Technical Steering Committee
A Technical Steering Committee(TSC) for multiple projects serves as a replacement for the current BDFL that oversees a few of the projects that exist today. These changes should have a minimal impact to the day-to-day operations and governance model in order to make a transition smooth and timely.
This proposal provides enough initial structure to elect the committee and hand off responsibilities to this group of diverse individuals.
Edits to this charter requires that the projects the TSC oversees vote with a simple majority on all changes.
Small edits to this charter such as typos and formatting can be approved by the TSC members.
The Technical Steering Committee acts as an escalation point for conflicts within projects, encourage cross-project communication/coordination and help with project governance. The TSC is not involved in the day-to-day development or maintenance of the projects it represents, though, individuals on the committee may be maintainers and/or contributors to the projects. The committee does not make day-to-day technical decisions on architecture, code acceptance, or feature set but can resolve technical disputes in these areas when an issue has been escalated to the TSC by the community of the project. However, escalation should be considered a failure of the community process when unable to reach concensus on an issue.
The committee should:
- Serve as an escalation point for members of the community to file a dispute or report concerns on technical issues.
- Ensure that appropriate communication exists between projects.
- Keep a public record of escalations, actions, and decisions.
If non-technical issues are escalated to the TSC, the TSC should route the issue to the appropriate destination for the affected project. i.e. Code of Conduct issues to CNCF or Docker CoC boards.
Members do not have a set term limit, the seat they hold has a term limit. Members are rotated organically as seats expire and members are either re-elected or replaced.
Every two years the seats expire and a new election process begins. Members are able to re-run for election as long as they qualify for the Candidate Requirements.
A single company cannot hold more than 1/3 (one-third) of the seats on the committee.
Members of the TSC will be voted in by the maintainers of the projects that it represents. Each project receives one vote in the election. The departing BDFL, Solomon Hykes, will receive one vote in every election.

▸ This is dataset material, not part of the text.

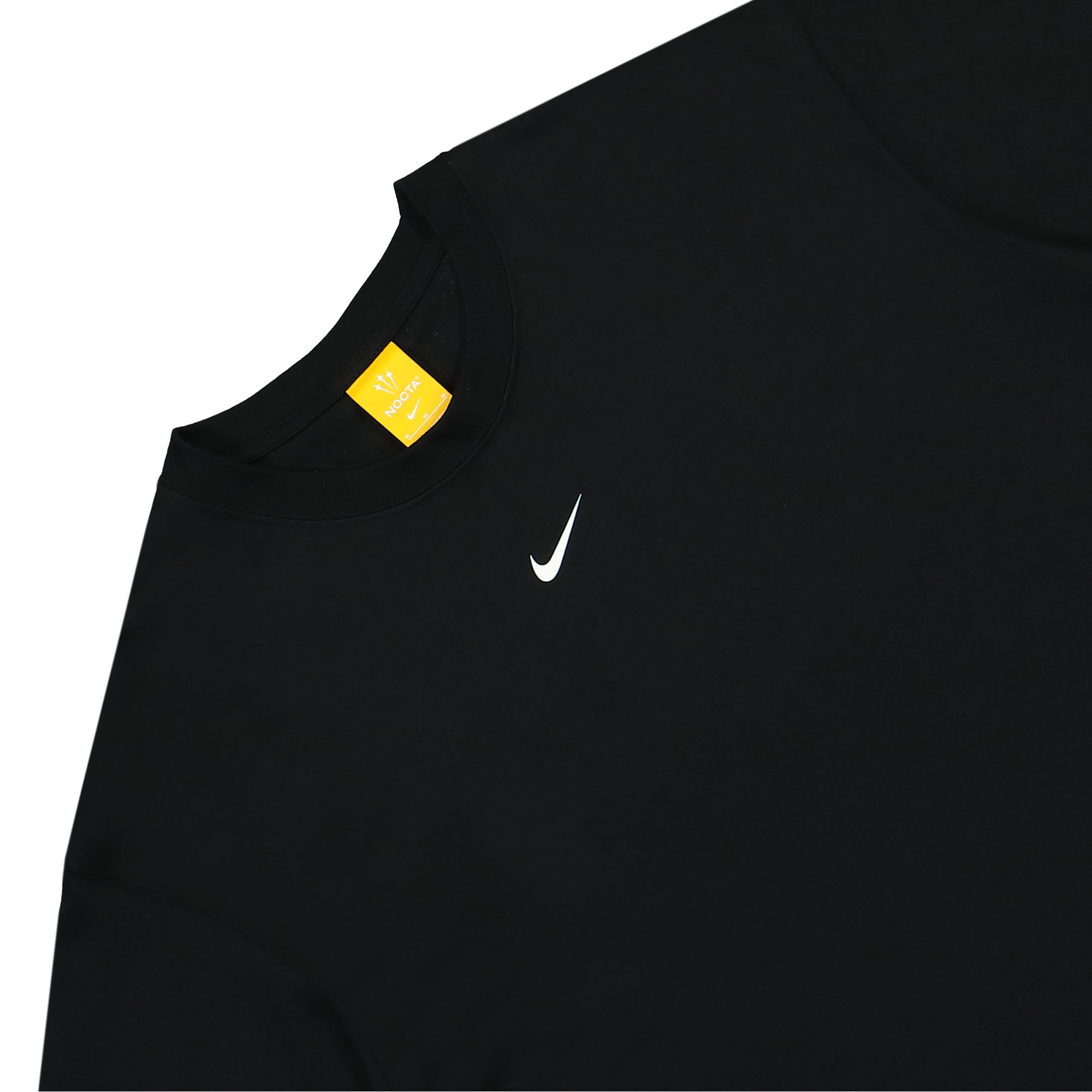 Nike NOCTA x Nike Max90 T-Shirt Black / Black / White T-Shirts Material | Overkill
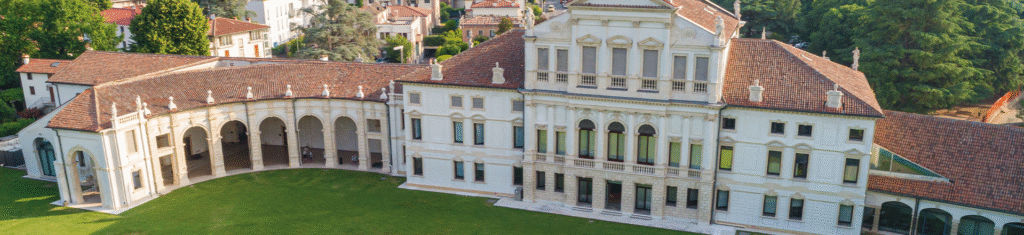 Vista Villa CUOA Vicenza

The top 7 candidates will comprise the TSC. Elections will be handled via http://civs.cs.cornell.edu/ using ranked voting. Each project will receive one vote that the maintainers of the project must decide on. This ensures projects with a large number of maintainers will not be able to influence the voting more than smaller projects. It is up to the projects to determine how they want to rank their votes in an election. A suggested method for projects is to use the same ranked voting with their maintainers to cast their vote.
Why ranked voting?: “Ranked-choice voting gives more accurate results because it collects more information from voters. It also helps avoid vote splitting and spoilers.”
- Anyone is eligible.
- Must be sponsored by a maintainer of a TSC represented project.
- Maintainers cannot sponsor themselves.